**INSTRUCTIONS FOR THE TASK:**
Using the listing below, give again exactly the lines from the line with "Quick-Strut Front Right" to the line with "Land Rover Range Rover-6", inclusive, without the pictures.

**DATA SUPPLIED:**
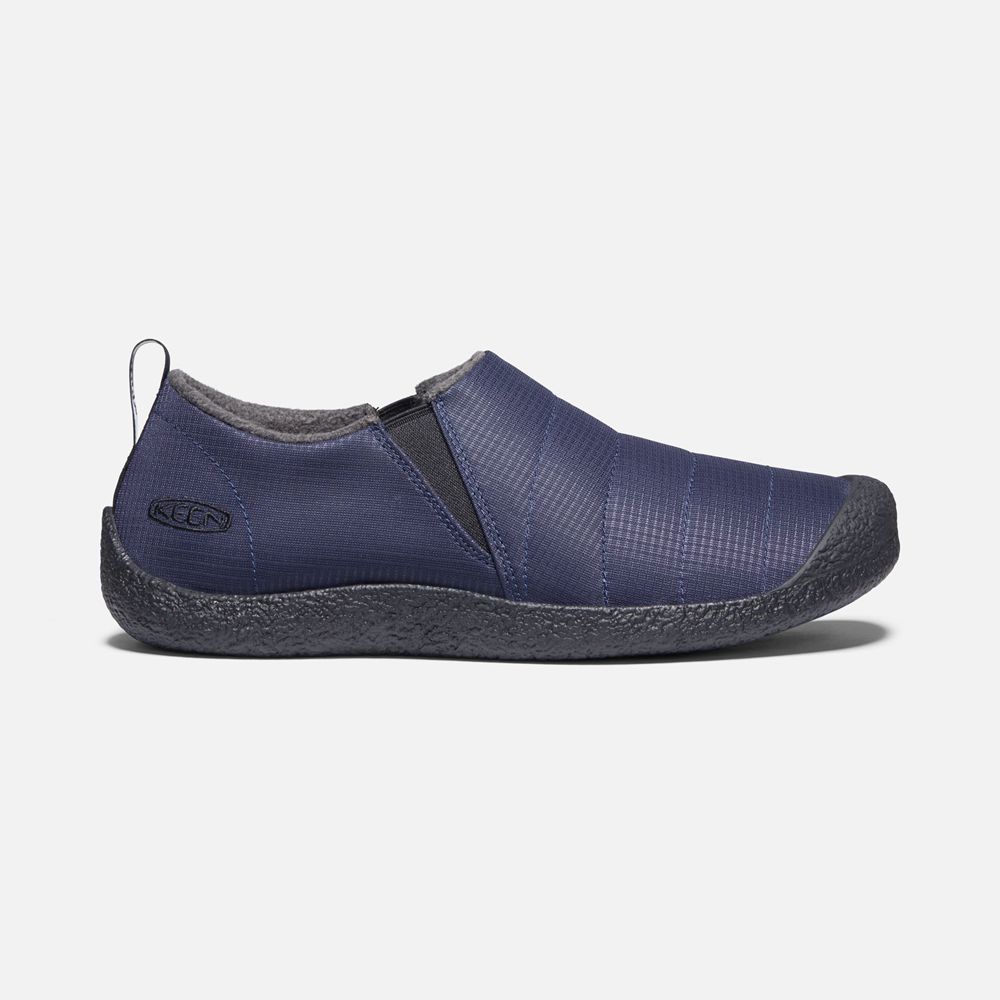 Chaussons Keen Homme Violette | Howser Ii | GTMEZ-2193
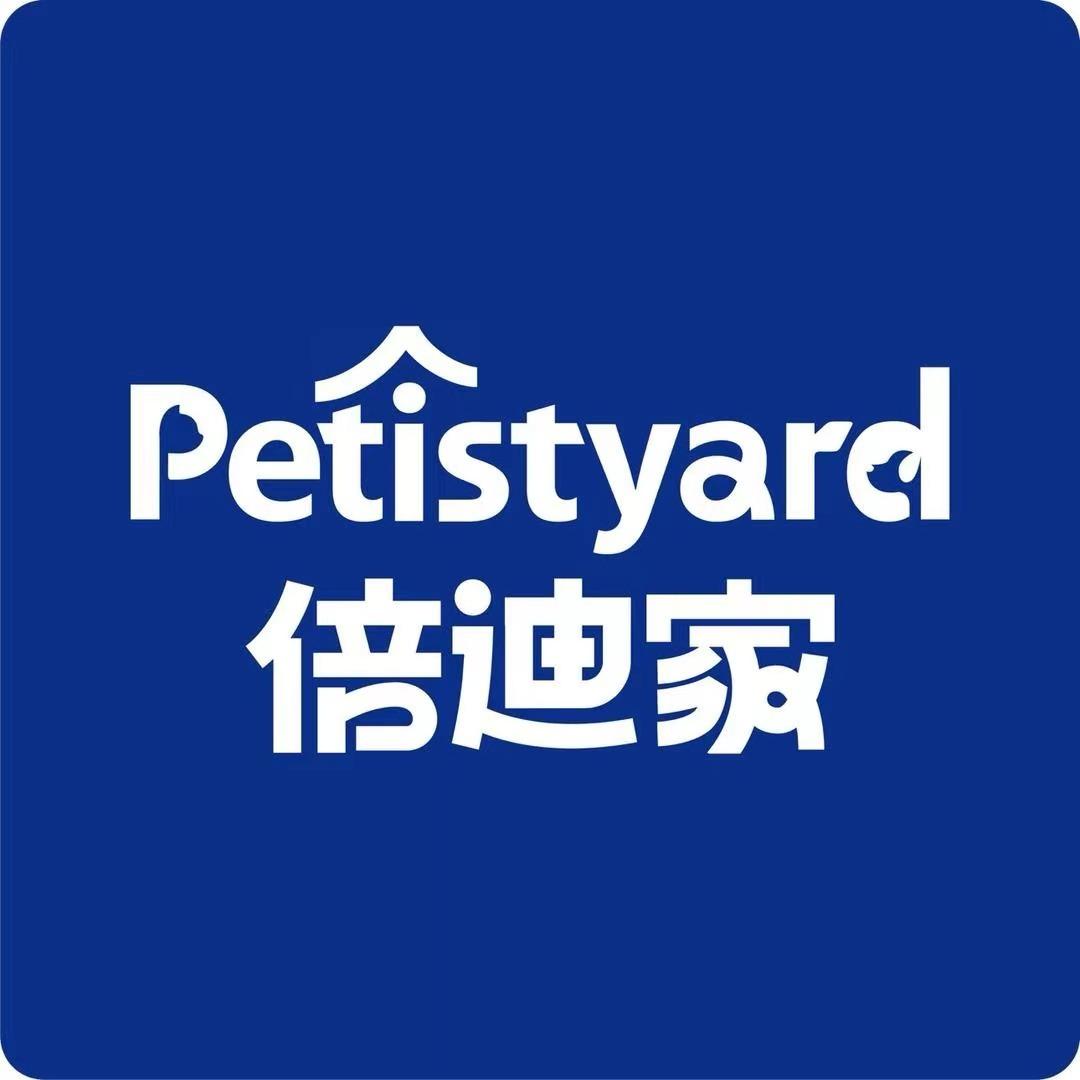 Petistyard倍迪家(猫猫美食官）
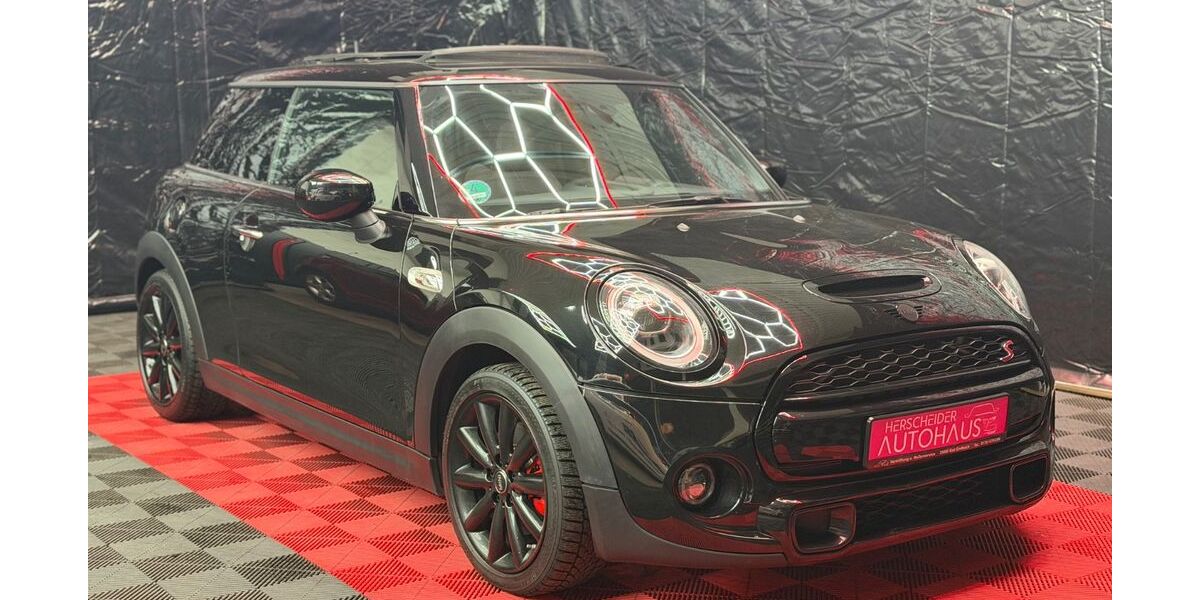 Mini Cooper S 97.000 km 16.999 &euro; Herscheid 58849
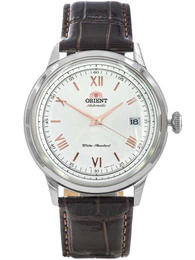 Zegarek męski ORIENT TAC00008W0 Bambino Automatic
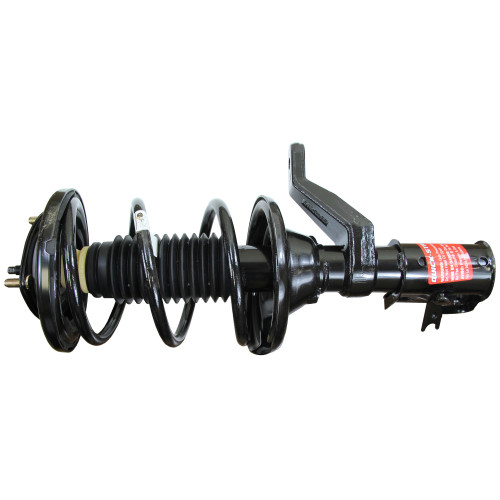 Quick-Strut Front Right Suspension Strut and Coil Spring Assembly 172238 - front view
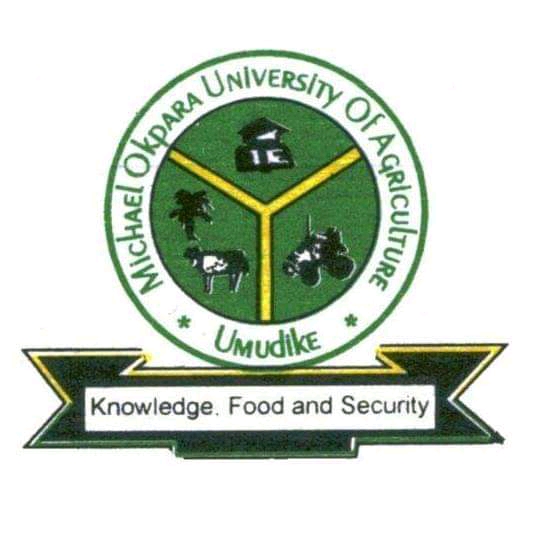 Micheal Okpara University Matriculates 6,802 Students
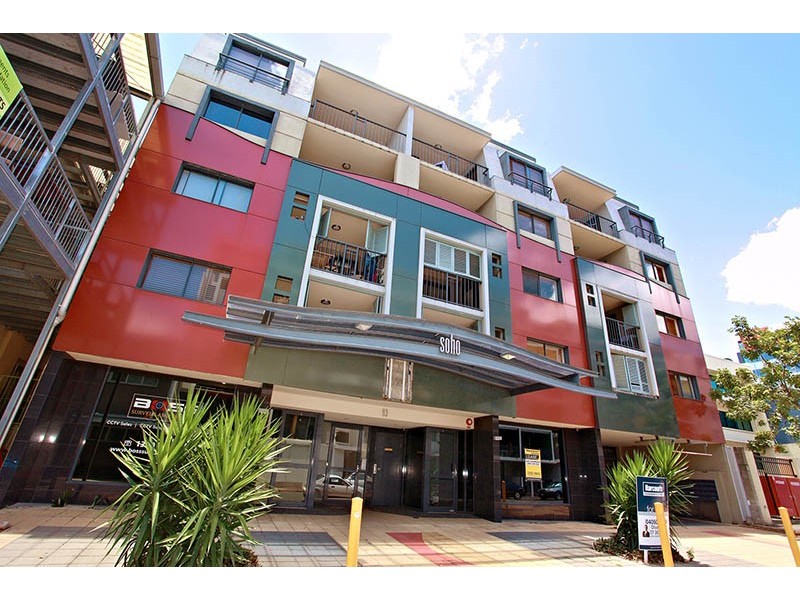 83 Alfred Street, Fortitude Valley QLD 4006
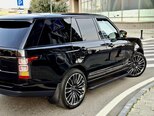 Land Rover Range Rover-6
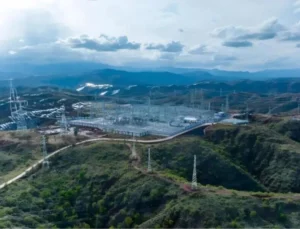 Huawei Spn, Yunnan Power Grid'In Yeni Nesil Yüksek Hızlı Taşıyıcı Ağı Kurmasına Destek Oluyor
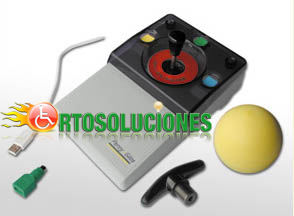 roller 2 joystick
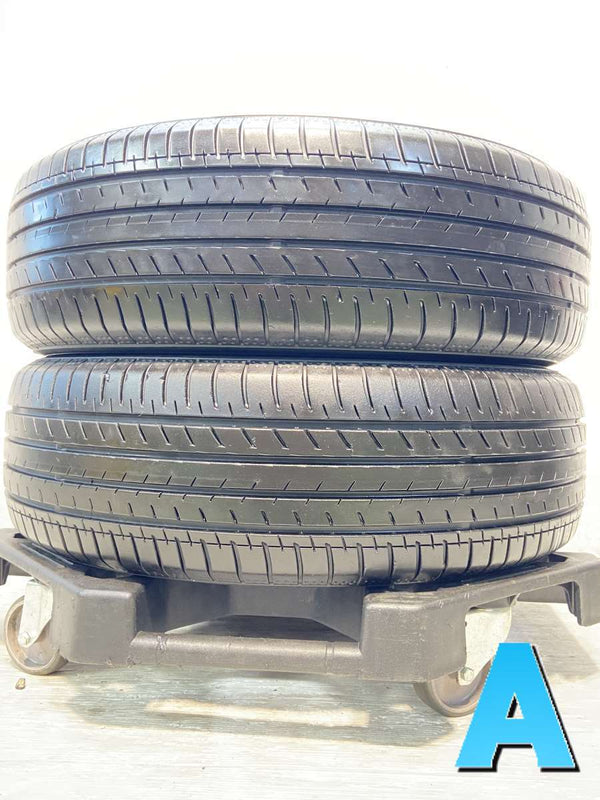 ヨコハマ ブルーアースGT AE51 185/65R15  2本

**EXERCISE RESPONSE:**
 Quick-Strut Front Right Suspension Strut and Coil Spring Assembly 172238 - front view
 Micheal Okpara University Matriculates 6,802 Students
 83 Alfred Street, Fortitude Valley QLD 4006
 Land Rover Range Rover-6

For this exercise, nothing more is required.